Summit Denali community members, city government officials and school board trustees joined together Wednesday to denounce the decision to close the Sunnyvale charter school and demand that Summit Public Schools be audited.
At the press conference, Sunnyvale Councilmember Richard Mehlinger said he remembers long before he joined the council, when parents first advocated for Summit Public Schools to bring the Denali campus to the city.
“I remember how they turned out because they believed in this school, because they believed in its mission,” Mehlinger said. “This is how they have been repaid.”
On Jan. 11, Summit Denali’s parent organization, Summit Public Schools, abruptly announced the school was facing a projected $4.5 million deficit for the next school year and would likely shut down permanently after the end of the school year, leaving the school’s 600-plus students suddenly unmoored.
Parents, teachers and students of Summit Denali were left in limbo for weeks before the Summit board voted on March 2 to close it. Prior to the board’s final decision, parents, students and teachers raised several alternatives to closing Summit Denali — such as running the school online instead, closing the middle school and keeping the high school in operation, or fundraising to fill the $4.5 million projected deficit.

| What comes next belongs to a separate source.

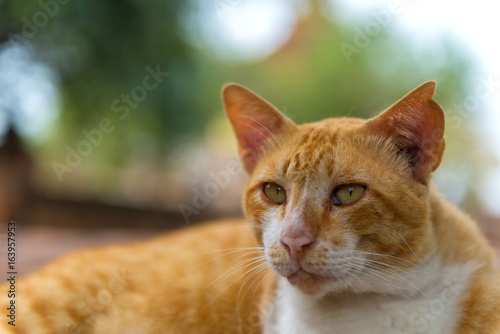 Cats who live in Temple. In Thailand. © MAGNIFIER
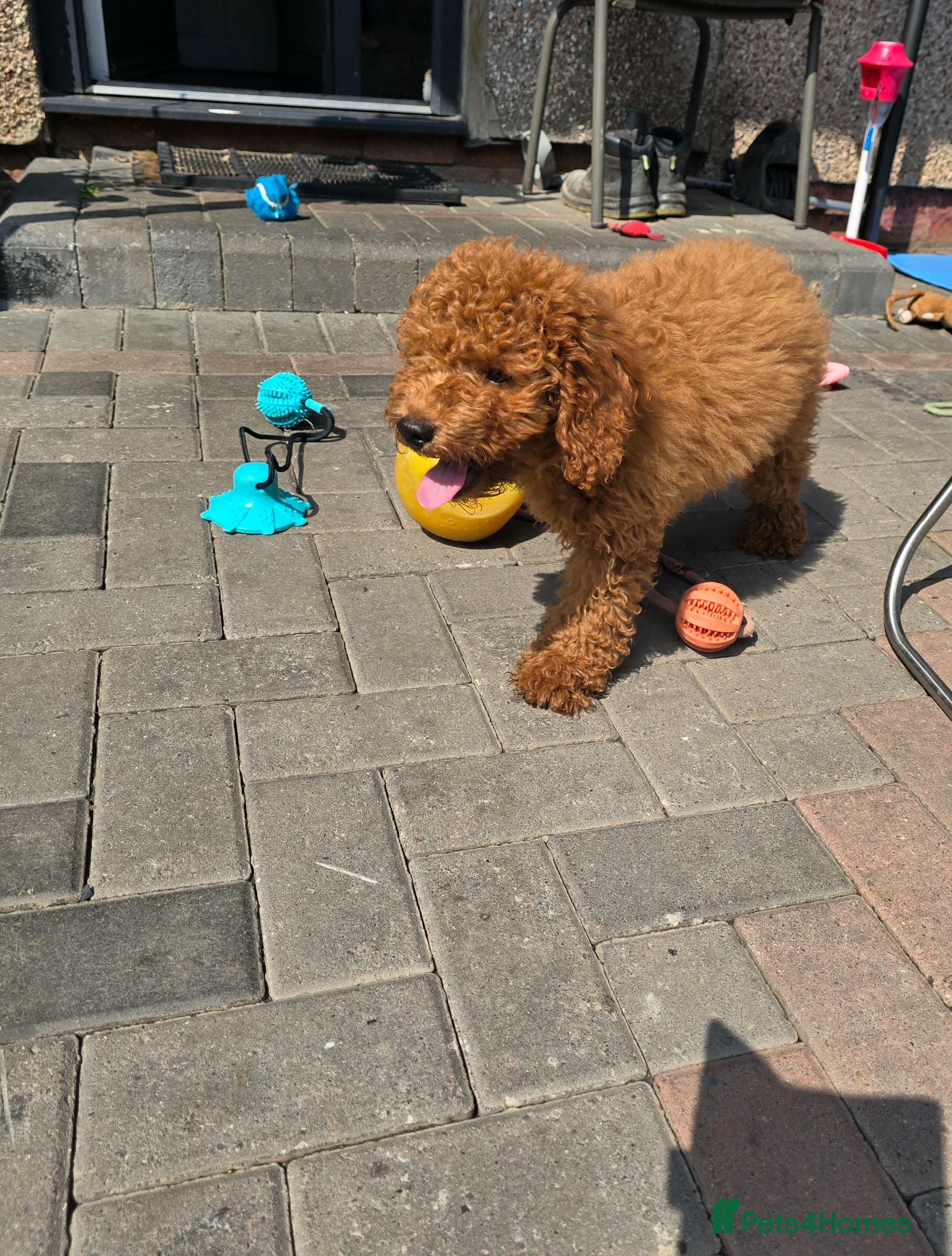 Cavapoo dogs Reduced LAST BOY cavapoo pup ready to leave  - Advert 2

In announcing its decision to close the school, Summit board members said they believed the school’s financial issues were impossible to resolve in the long term and shutting the school down this summer would be better than potentially closing in the middle of the upcoming school year.
But the Summit Denali community is refusing to go down without a fight — and the movement for Denali’s future galvanized local officials, including Sunnyvale Mayor Larry Klein, Vice Mayor Omar Din, and Councilmembers Mehlinger and Linda Sell, to seek answers on behalf of that community.

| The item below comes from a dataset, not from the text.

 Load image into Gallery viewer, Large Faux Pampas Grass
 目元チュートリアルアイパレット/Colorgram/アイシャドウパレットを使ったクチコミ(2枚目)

“These students, these families, are not just rows in a spreadsheet, and it is very clear to me that an audit of their finances and operations is needed,” Mehlinger said. “More than that, this state needs to get serious about regulating charter schools. There needs to be additional oversight, these boards need to be accountable to parents. Otherwise, this is just going to keep happening.”
Tara Sreekrishnan, a trustee with the Santa Clara County Board of Education, read a written statement by Justin Kim, a teacher at Summit K2 in El Cerrito and the president of Unite Summit, the school network’s teachers’ union.
“Voting to close Denali suddenly, with little warning and no plan to support those students and families, is in direct contrast to the mission of our school,” Kim wrote. “Speaking for teachers, we are scared.”
Kim referenced the 2019 closure of another Summit school, Summit Rainier in San Jose as a reason why Denali’s closure is especially concerning. Rainier’s closure left students and teachers suddenly abandoned and displaced, much like how Denali’s closure is now, he said.
“We are stripping away the future of our students,” Kim said. “This is Summit’s second closing in four years. Think about what this says about Summit and their reputation as a charter management organization…parents, teachers and students are being kept out of some of the most important decisions Summit is making, and that will have drastic effects on their daily lives.”
Students, meanwhile, are scrambling to find other options for the rest of their middle or high school years.
Freya Ryan-Jensen, a seventh grader at Summit Denali, said her experience at Denali was “life changing” and that the school helped her bloom into the kind of student she never thought she could be.
“I was a mediocre student who got Bs and Cs…I was a textbook example of an unmotivated student, and if it weren’t for Denali, that’s probably how I would still be,” Ryan-Jensen. “But from the second I stepped foot in Summit Denali…I felt more safe and welcomed than I had in a while.”
Ryan-Jensen said she quickly went from struggling in school to receiving As in her classes, winning academic awards, becoming elected as a member of the student council, and making meaningful and fulfilling friendships with other kids like her.
But the announcement of Summit Denali’s closure left her and other students suddenly feeling powerless, despite how much the school had done to build them up academically and socially, she said.
“I wanted to attend the meeting about the closing of my school, but the Summit board refuses to listen to us — instead, they would rather hold board meetings in the middle of the school day, when no student or teacher could attend,” Ryan-Jensen said. “For that reason, I have had no say in my future.”
Mayor Klein also took the board to task. “There should be more specific oversight of the finances of all charter schools, much as there are for the public schools, so a travesty like this won’t happen again,” he said.
Mehlinger agreed, adding that it’s critical for city councilmembers to raise awareness of such issues, even if they can’t be immediately or easily solved by the local government.
“This is an abuse of our community…it shows a lack of care,” Mehlinger said. “These parents, these students — they deserve better.”